Alkisah, berangkatlah seorang guru dan muridnya ke salah satu masjid untuk menghidupkan malam itu dengan mencari ilmu. Di masjid sang guru dan muridnya mendengarkan ceramah agama yang disampaikan oleh seorang ulama. Di tengah ceramah, ulama itu menceritakan suatu kisah. "Ada seorang lelaki berwajah buruk yang kerjanya mencari kayu di hutan. Di saat sedang mencari kayu, tiba-tiba tidak jauh darinya, dia melihat seorang perempuan yang sangat cantik. Lelaki itu lalu mengikutinya hingga perempuan itu tiba di rumahnya. Esok harinya, dia melihat perempuan itu lagi dan diikutinya hingga di rumahnya. Hari demi hari berlalu. Akhirnya cinta tumbuh bersemi di hati sang lelaki. Hingga akhirnya, dia datang, ke rumah perempuan itu. Pintu pun diketuk. Perempuan itu keluar. Belum sempat perempuan itu bertanya, si lelaki berwajah buruk itu langsung mengungkap isi hatinya, "Aku sering melihatmu melewati hutan. Aku tertarik kepada kecantikanmu. Aku mencintaimu. Bolehkah aku meminangmu?" Perempuan itu tidak menjawab. Dia masuk ke dalam kemudian keluar dengan membawa cermin seraya berkata, "Bercerminlah! Apakah pantas wajahmu yang buruk itu bisa meraihku?"

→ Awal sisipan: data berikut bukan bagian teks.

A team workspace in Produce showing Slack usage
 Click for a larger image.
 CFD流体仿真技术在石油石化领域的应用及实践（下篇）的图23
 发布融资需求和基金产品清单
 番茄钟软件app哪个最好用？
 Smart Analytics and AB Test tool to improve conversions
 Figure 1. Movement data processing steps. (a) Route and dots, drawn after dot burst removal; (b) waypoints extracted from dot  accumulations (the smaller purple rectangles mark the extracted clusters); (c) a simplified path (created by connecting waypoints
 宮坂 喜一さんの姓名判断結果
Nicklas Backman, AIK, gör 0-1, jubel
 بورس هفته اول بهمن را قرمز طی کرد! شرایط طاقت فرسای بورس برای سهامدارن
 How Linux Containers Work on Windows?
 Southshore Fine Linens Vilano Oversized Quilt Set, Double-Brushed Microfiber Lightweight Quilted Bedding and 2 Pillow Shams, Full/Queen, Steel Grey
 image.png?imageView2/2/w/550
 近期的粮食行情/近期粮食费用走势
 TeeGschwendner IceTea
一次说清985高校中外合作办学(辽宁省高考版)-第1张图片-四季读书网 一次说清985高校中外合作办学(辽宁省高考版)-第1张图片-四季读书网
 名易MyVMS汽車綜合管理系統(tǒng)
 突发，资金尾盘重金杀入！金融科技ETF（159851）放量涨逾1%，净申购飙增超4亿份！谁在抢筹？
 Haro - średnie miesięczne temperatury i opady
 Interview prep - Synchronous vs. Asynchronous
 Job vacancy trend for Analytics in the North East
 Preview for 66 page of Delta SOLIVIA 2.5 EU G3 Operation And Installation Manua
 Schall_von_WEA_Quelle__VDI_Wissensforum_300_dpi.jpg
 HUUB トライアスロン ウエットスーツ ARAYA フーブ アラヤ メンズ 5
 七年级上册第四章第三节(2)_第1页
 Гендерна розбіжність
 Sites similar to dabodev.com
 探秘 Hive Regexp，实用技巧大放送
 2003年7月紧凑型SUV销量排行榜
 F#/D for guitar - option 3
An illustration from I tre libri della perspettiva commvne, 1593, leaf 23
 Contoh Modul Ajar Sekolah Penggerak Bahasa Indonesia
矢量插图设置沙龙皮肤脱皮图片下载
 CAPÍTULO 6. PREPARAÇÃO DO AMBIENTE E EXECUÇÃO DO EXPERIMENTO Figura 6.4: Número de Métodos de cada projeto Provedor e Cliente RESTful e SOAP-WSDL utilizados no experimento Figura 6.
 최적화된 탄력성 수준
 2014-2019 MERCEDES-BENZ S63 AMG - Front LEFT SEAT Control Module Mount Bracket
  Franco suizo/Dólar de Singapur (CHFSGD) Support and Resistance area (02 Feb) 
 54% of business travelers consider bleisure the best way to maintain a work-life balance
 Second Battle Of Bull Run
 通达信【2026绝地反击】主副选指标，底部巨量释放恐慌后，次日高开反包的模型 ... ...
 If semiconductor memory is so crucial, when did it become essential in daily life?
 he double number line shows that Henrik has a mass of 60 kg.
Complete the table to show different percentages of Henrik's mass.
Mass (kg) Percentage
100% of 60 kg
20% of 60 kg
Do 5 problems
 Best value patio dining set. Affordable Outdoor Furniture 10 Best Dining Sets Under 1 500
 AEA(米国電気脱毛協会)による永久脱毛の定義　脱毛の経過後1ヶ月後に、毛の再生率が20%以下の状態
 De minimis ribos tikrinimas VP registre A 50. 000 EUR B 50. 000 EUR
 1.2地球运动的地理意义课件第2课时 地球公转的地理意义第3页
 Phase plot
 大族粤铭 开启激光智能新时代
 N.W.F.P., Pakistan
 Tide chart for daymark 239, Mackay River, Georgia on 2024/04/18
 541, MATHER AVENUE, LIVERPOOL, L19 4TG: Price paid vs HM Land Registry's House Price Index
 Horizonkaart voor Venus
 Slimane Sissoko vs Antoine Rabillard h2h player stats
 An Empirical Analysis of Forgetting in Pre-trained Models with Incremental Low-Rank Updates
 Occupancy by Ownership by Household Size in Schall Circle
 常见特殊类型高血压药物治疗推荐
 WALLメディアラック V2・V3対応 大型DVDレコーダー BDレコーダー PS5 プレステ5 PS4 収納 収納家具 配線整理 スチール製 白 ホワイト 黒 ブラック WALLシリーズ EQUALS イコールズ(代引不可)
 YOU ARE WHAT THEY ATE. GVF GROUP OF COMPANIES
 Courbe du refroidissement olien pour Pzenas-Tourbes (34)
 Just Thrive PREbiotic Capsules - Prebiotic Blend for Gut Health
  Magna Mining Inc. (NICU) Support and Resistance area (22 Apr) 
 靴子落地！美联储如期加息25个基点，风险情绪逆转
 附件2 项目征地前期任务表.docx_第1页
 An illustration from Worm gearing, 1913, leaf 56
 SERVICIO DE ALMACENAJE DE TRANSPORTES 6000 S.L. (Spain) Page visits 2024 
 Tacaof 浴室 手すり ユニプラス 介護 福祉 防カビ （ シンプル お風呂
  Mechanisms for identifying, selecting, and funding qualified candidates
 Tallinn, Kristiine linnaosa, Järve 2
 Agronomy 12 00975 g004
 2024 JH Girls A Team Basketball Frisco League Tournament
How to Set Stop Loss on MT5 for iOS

Belum berakhir ceramah itu, tiba-tiba sang guru pingsan. Muridnya bingung, entah apa yang membuatnya pingsan. Ketika sang guru sadar, si murid langsung bertanya, "Ada apa? Apa yang membuatmu pingsan?" Sang guru menjawab, "Betapa sering kita menyatakan cinta kita kepada para Imam yang suci dan maksum tetapi prilaku kita penuh dengan noda dan nista. Apakah bisa kita meraih cinta mereka?"